This related work study shows a lack of end-to-end approaches supporting cultural heritage documentation from data acquisition to its presentation. However, it highlights the potential of semantic to support this process and presents relevant semantic-based approaches to support some steps of this process. It thus allows us to determine COSCH-KR and KnowDIP approaches as relevant in supporting data acquisition and processing, respectively. These two approaches bring support in different contexts of application, and each of them provides a part of the knowledge domain intervening in the end-to-end process from cultural heritage acquisition to its presentation. As far as cultural enrichment is concerned, we are not yet aware of a flexible approach adapted to different contexts. However, a review of the related work study allows us to observe that most Linked Open Data sources and enrichment approaches are based on the CIDOC-CRM ontology.

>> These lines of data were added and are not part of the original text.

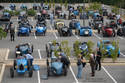 Rassemblement Bugatti en Provence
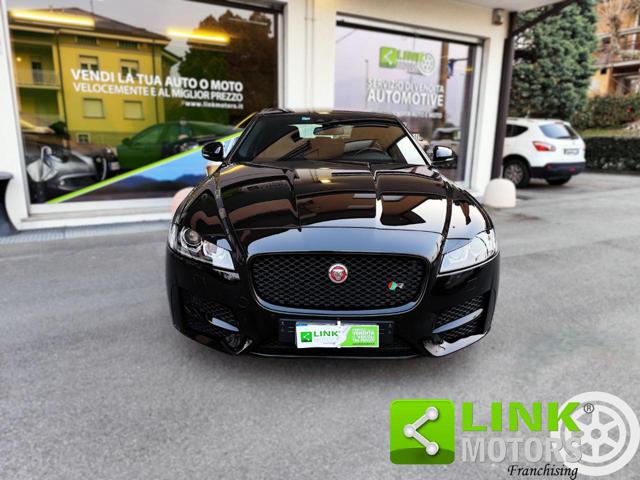 JAGUAR XF usata, con Airbag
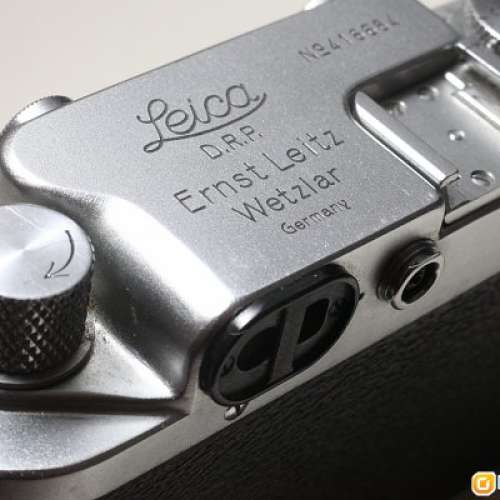 Leica IIIc Boby (L39螺絲口) 產於1946年---黑白菲林相的首選  一部影得相嘅古董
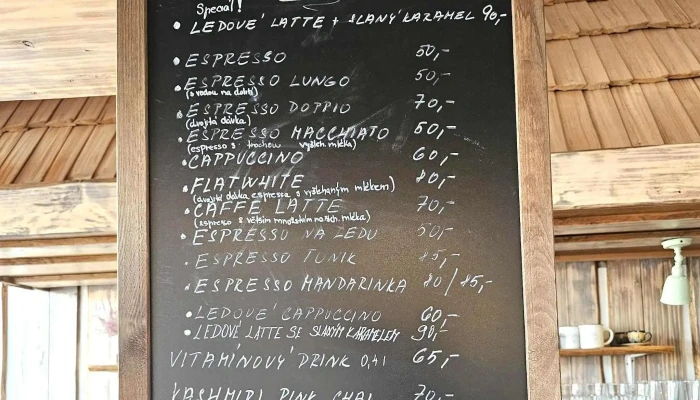 Natur Cafe Katalog - Pražská 3338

This ontology is, therefore, unavoidable when publishing and sharing cultural heritage data, information, and knowledge.

3. Conclusions

Semantic web technologies and Linked Open Data are increasingly utilized for the publishing of cultural heritage documentation. Documentation publishing, such as Linked Open Data, provides an essential source of knowledge and information that can be used to enrich and support cultural heritage object documentation. However, using Linked Open Data as an information source for cultural documentation requires the gathering of different sources from Linked Open Data to enrich the cultural documentation. Existing approaches using Linked Open Data as an information source for documentation are generally specific to a domain and focus on specific Linked Open Data sources. These approaches show semantic potential, but they do not entirely exploit this potential to support the documentation process from the acquisition to its presentation. Semantics can gather different knowledge domains, guide the documentation process in different contexts, and gather Linked Open Data sources for documentation enrichment with the goal of providing rich cultural heritage documentation. This study shows the semantic potential of these two approaches to support the end-to-end documentation process from data acquisition to cultural heritage presentation. The proposed method comprises three knowledge-based processing steps: acquisition technology recommendation, object recognition to structure the data, and data enrichment through Linked Open Data. This method provides two main contributions. The first one is an end-to-end process to support the safeguard of cultural heritage. This end-to-end process is based on acquisition technology recommendations and object recognition, which can adapt to different contexts of cultural heritage. Thanks to this flexibility, the proposed method can support data digitization in its application to various cultural heritage cases. As shown through the two case studies, the proposed method is applicable to large cultural heritage objects, such as a terrace house, a watermill, or a chapel, but also smaller objects, such as statues. The second contribution is the gathering and centralization of a variety of information and documents related to cultural heritage objects, thanks to Linked Open Data. The flexibility and the connection between the different steps of the proposed methods are provided thanks to the semantics.